Exercise directions:
Your result should be the lines holding the word "photo", copied from the entries below.

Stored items
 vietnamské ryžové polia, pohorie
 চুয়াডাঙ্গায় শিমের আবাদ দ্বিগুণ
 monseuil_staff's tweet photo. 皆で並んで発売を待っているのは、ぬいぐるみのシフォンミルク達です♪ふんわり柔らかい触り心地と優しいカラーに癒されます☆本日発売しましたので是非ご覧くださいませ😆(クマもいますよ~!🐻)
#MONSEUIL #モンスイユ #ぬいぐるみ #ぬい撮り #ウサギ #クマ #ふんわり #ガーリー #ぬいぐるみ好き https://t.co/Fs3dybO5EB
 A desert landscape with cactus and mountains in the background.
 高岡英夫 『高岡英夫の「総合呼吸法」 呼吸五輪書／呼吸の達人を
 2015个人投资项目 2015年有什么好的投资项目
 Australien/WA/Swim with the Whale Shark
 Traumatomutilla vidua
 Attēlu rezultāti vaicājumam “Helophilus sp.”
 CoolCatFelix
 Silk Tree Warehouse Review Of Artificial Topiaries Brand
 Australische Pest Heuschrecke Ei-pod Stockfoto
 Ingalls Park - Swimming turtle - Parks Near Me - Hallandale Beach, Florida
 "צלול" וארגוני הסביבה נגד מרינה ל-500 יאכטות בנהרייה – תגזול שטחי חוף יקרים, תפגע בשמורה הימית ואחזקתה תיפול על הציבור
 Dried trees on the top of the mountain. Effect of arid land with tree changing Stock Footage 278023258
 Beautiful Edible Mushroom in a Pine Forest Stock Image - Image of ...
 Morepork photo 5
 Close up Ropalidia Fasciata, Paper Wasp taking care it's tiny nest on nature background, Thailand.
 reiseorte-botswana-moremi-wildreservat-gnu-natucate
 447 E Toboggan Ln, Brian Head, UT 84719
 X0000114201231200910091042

Written response:
 monseuil_staff's tweet photo. 皆で並んで発売を待っているのは、ぬいぐるみのシフォンミルク達です♪ふんわり柔らかい触り心地と優しいカラーに癒されます☆本日発売しましたので是非ご覧くださいませ😆(クマもいますよ~!🐻)
 Morepork photo 5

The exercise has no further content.